John Oliver Dissects Disconnect Between Republican Convention Rhetoric and Kenosha Violence
Last Week Tonight host highlights glaring disparities in how authorities treated Jacob Blake and Kyle Rittenhouse
Jon Blistein
John Oliver explored the disconnect between the Republican National Convention’s messaging on race in America and the events in Kenosha, Wisconsin, on Last Week Tonight Sunday, August 30th.
Among false and misleading claims about the state of the Covid-19 pandemic and President Donald Trump’s accomplishments in office, Oliver said “the biggest gulf between the RNC and objective reality concerned race.” Throughout the week, Oliver continued, speakers tried to ensure viewers that racism was a thing of the past, but seemed less concerned with winning over black voters than reassuring white ones. For instance, Oliver highlighted Vice President Mike Pence saying “We don’t have to choose between supporting law enforcement and standing with our African-American neighbors,” suggesting a distinction between that “we” and “our African-American neighbors.”

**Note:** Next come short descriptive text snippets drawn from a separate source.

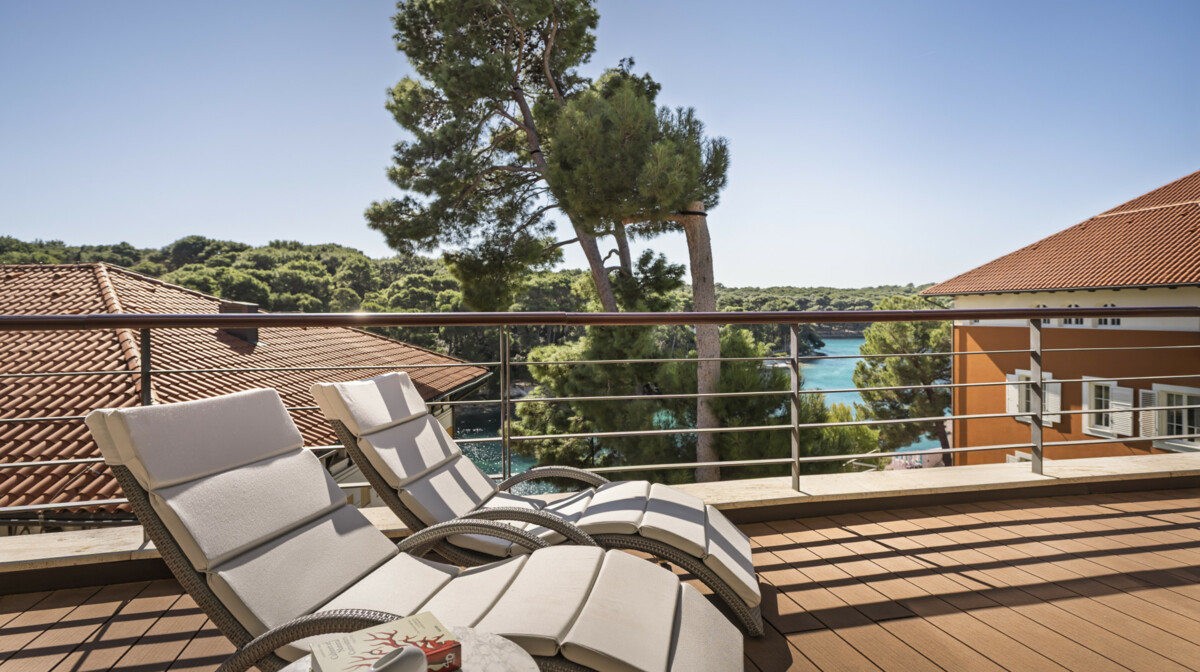 Boutique hotel Alhambra, Mali Lošinj - CIKAT BAY SUITE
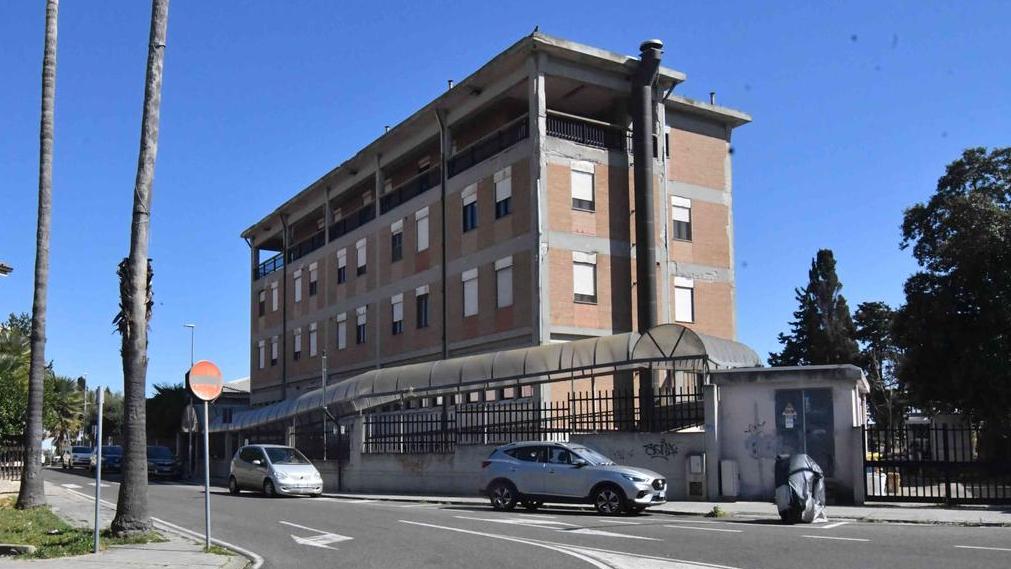 Oristano il poliambulatorio di via Michele Pira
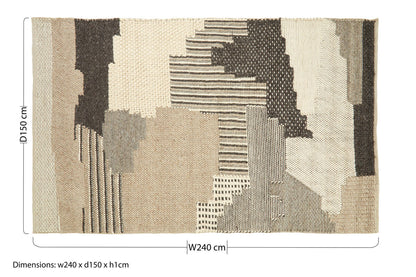 Bosie Jango Large Textured Rug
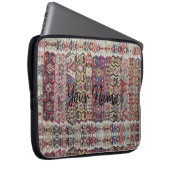 Computerabdeckung Bohemisch Hippy HAMbyWG Laptopschutzhülle (Vorne Rechts)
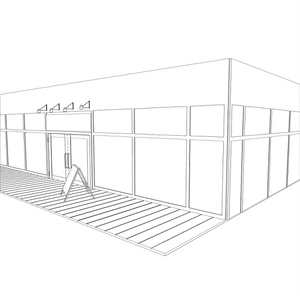 3Dカフェ・喫茶店(CLIPSTUDIOPAINT用) 缩略图 7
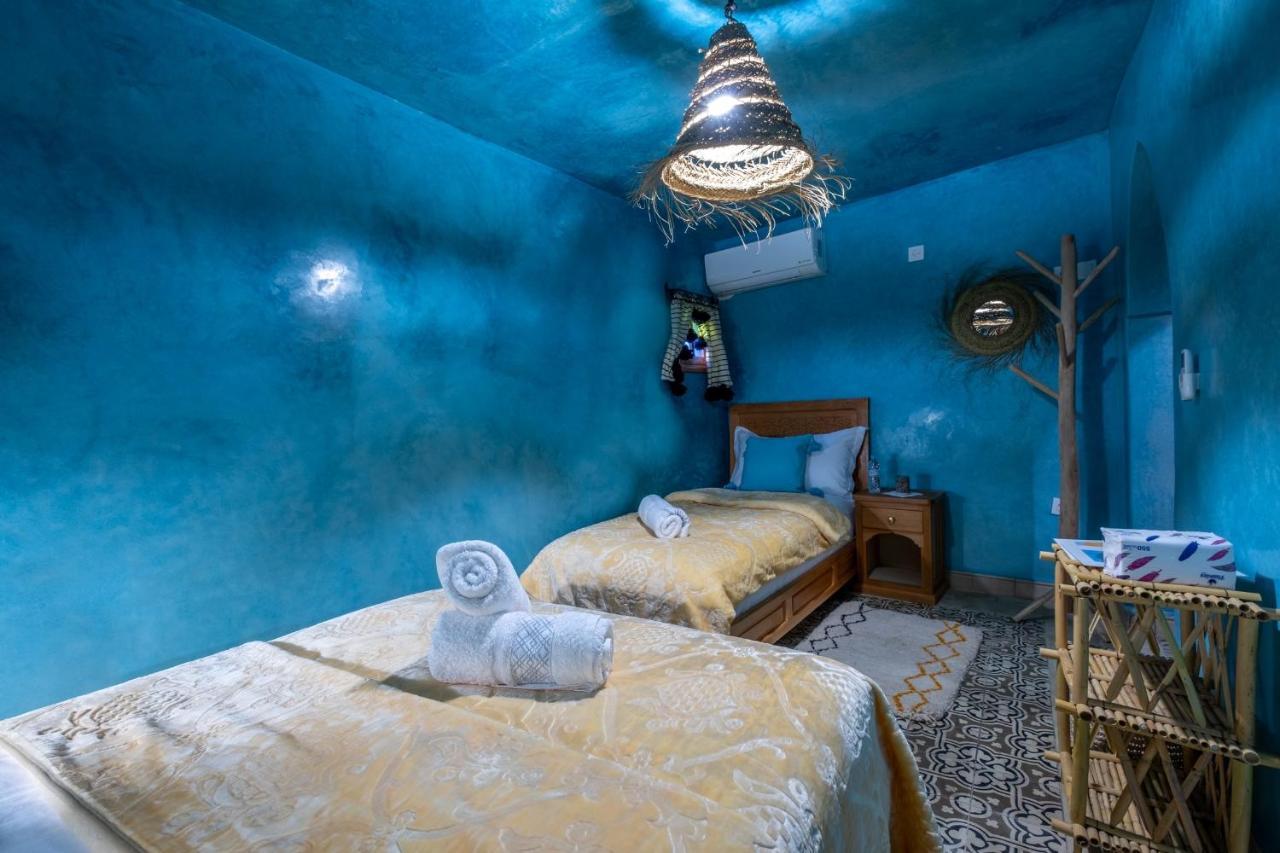 Riad Mosaic Szafszawan Zewnętrze zdjęcie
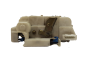 Oven lukitusmekanismi Oikea Taka 913859 Citroen Xantia 2 Rockwell 11095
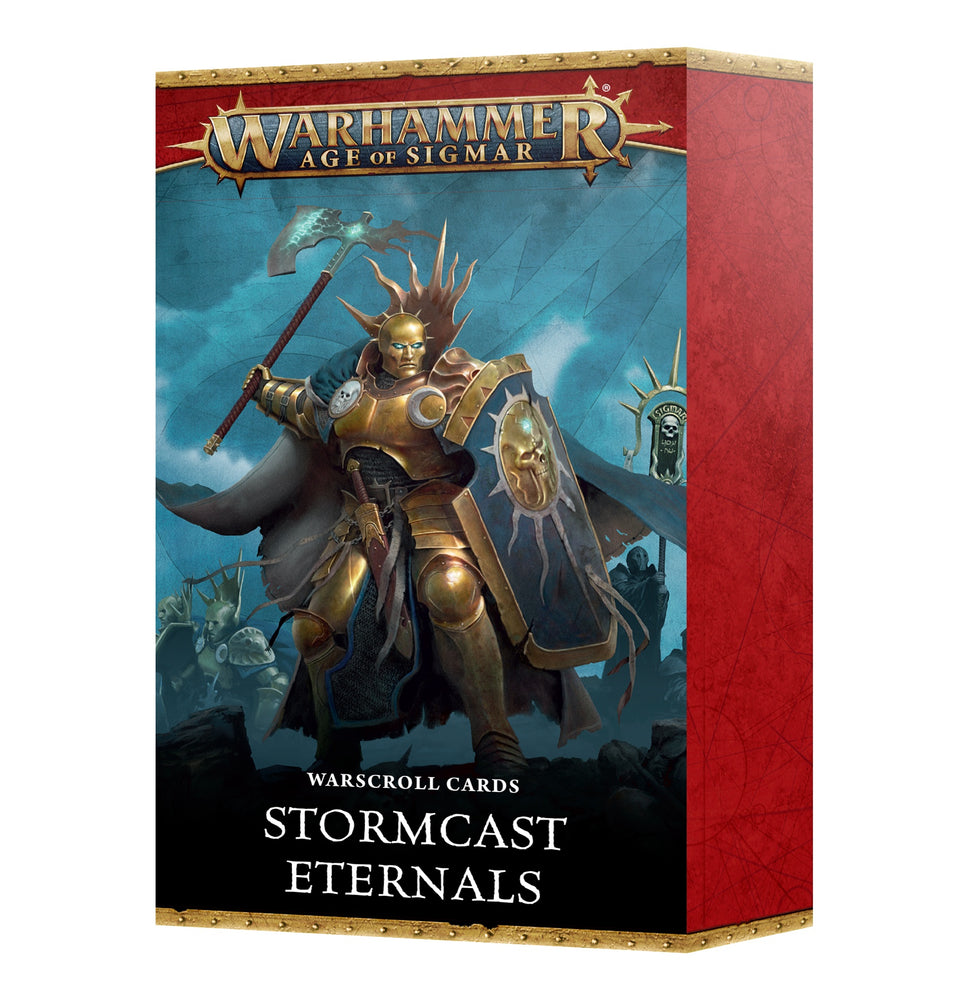 96-05 WARSCROLL CARDS: STORMCAST ETERNALS 2024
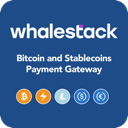 Whalestack – Bitcoin & Stablecoin (USDC, EURC) Payments Plugin For WordPress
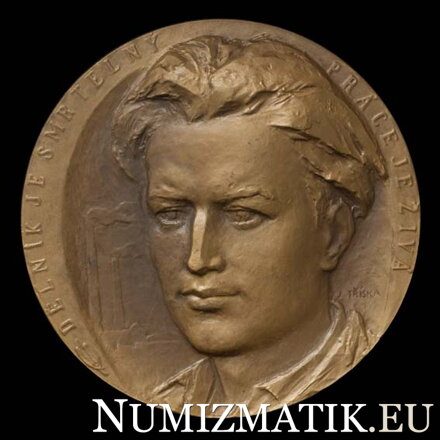 Wolkrův Prostějov 1967, bronzová medaila - J. Tříska
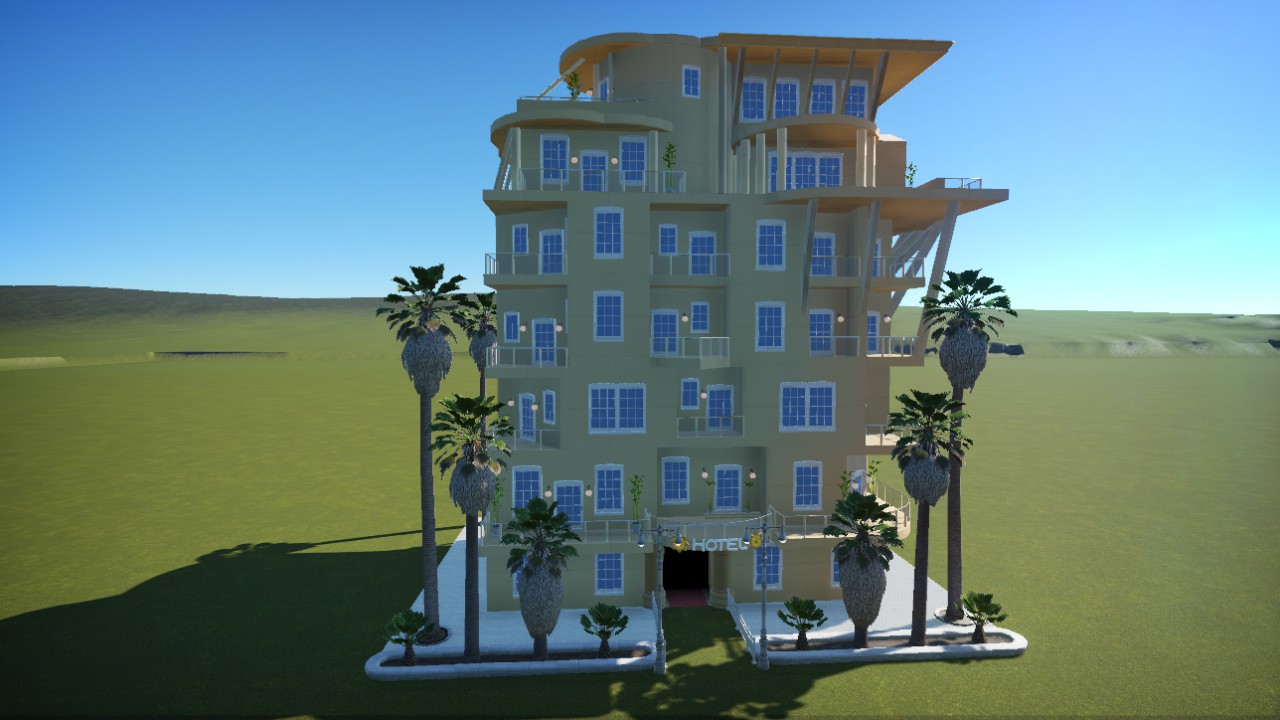 Gebäude Ak 89, Hotel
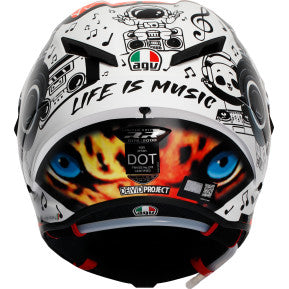 AGV Pista GP RR Helmet - Guevra - Limited - 2XL 21183560020162X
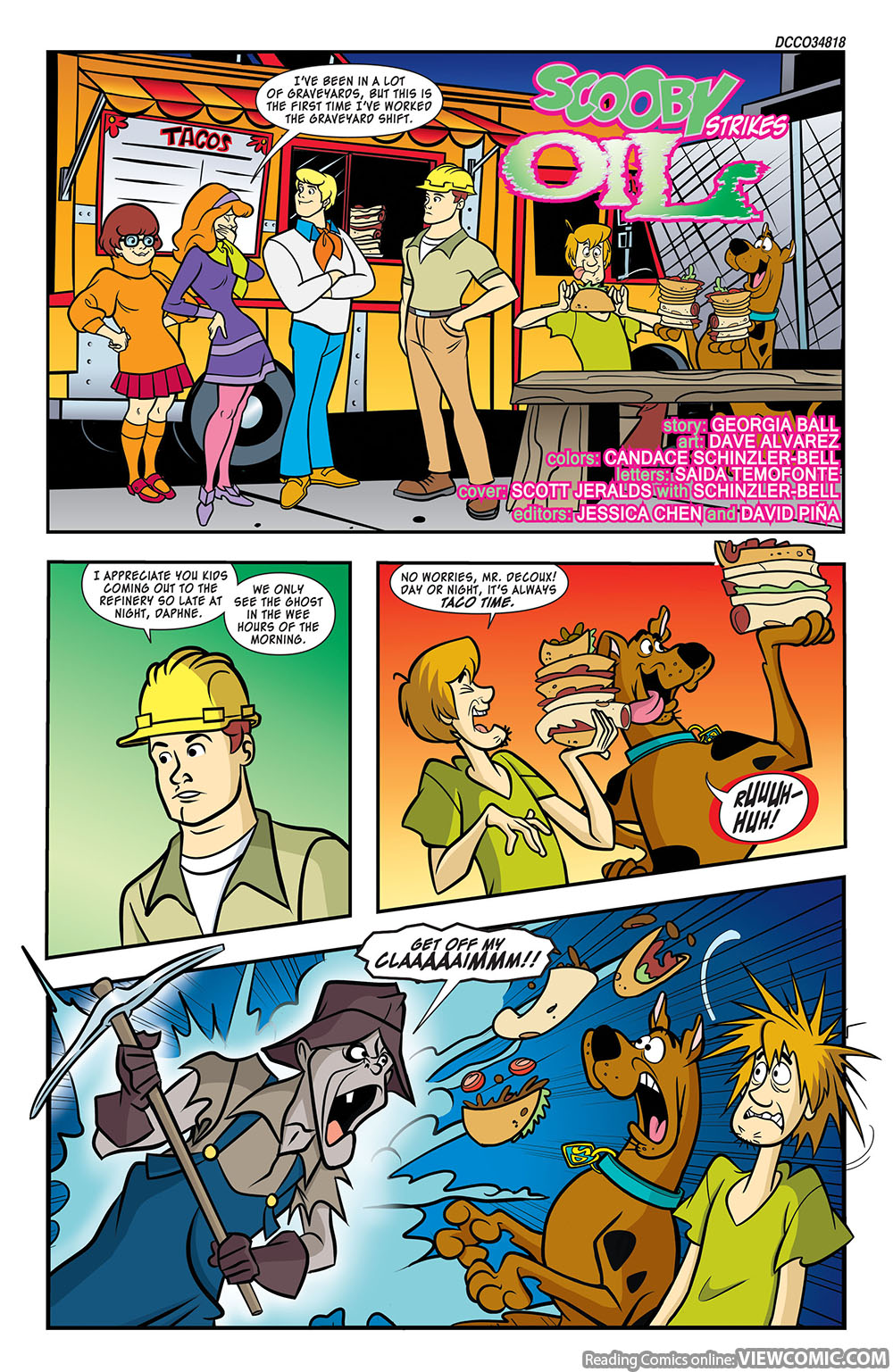 Scooby-Doo, Where Are You? 058 (2015) ….. Read All Comics Online - Scooby-Doo, Where Are You? 058 (2015) ….. Read All Comics Online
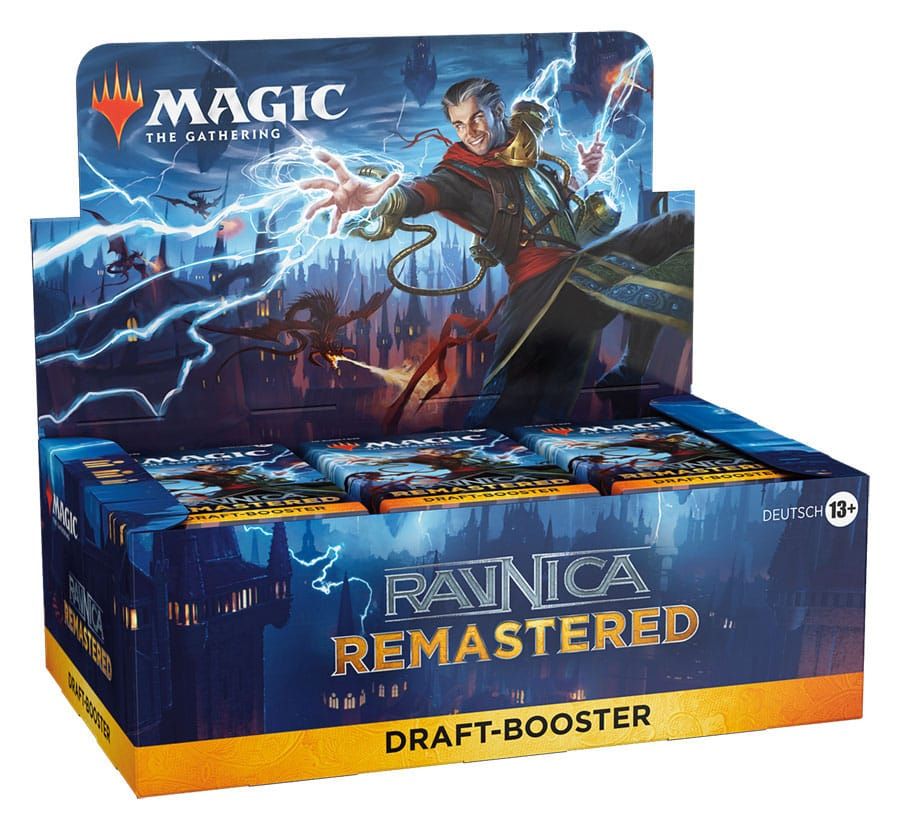 Magic the Gathering Ravnica Remastered Draft Booster Display (36) Německá Wizards of the Coast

“But I guess that sentiment shouldn’t really be surprising coming from Mike Pence,” Oliver cracked, “A man who permanently looks like he should be living in ‘Ken’s White Flight Dream House.’”
The RNC featured some slightly more incendiary rhetoric, however, which Oliver tied to the events in Kenosha, where protests erupted after the police shot Jacob Blake seven times in the back in front of his children. Oliver specifically examined the way police treated Blake and the way they let 17-year-old Kyle Rittenhouse walk past police cars, gun in hand, after he’d shot three people.
“If you’re looking for a better visual illustration of the differences between being black and white in America, I don’t think you’re gonna find one,” Oliver said. “Except, maybe, seeing exactly who sits down and who stands up when ‘Cotton Eye Joe’ comes on at a wedding.”
Oliver also touched on the NBA and WNBA strikes that followed Blake’s killing, and a speech delivered by Jacob Blake’s sister, Letetra Widman, that emphasized anger and the need for legitimate change over seeking sympathy. Oliver argued that American history has shown the system doesn’t respond to injustice until it’s forced to and that symbolic protests are too easily co-opted. Even voting Trump out in November will only help to a certain extent.
“Because as much as I, or the RNC, would like to believe that Joe Biden will be an agent of radical change, there’s just no reason to believe that,” Oliver said. “To the extent that real change is possible through the ballot box this year, it will only be if Biden is elected alongside progressive candidates all the way down the ballot, from the Senate to state legislatures to city councils to sheriffs. And even that will be very much a beginning, and not an end — none of this is easy, but it has to begin and now.”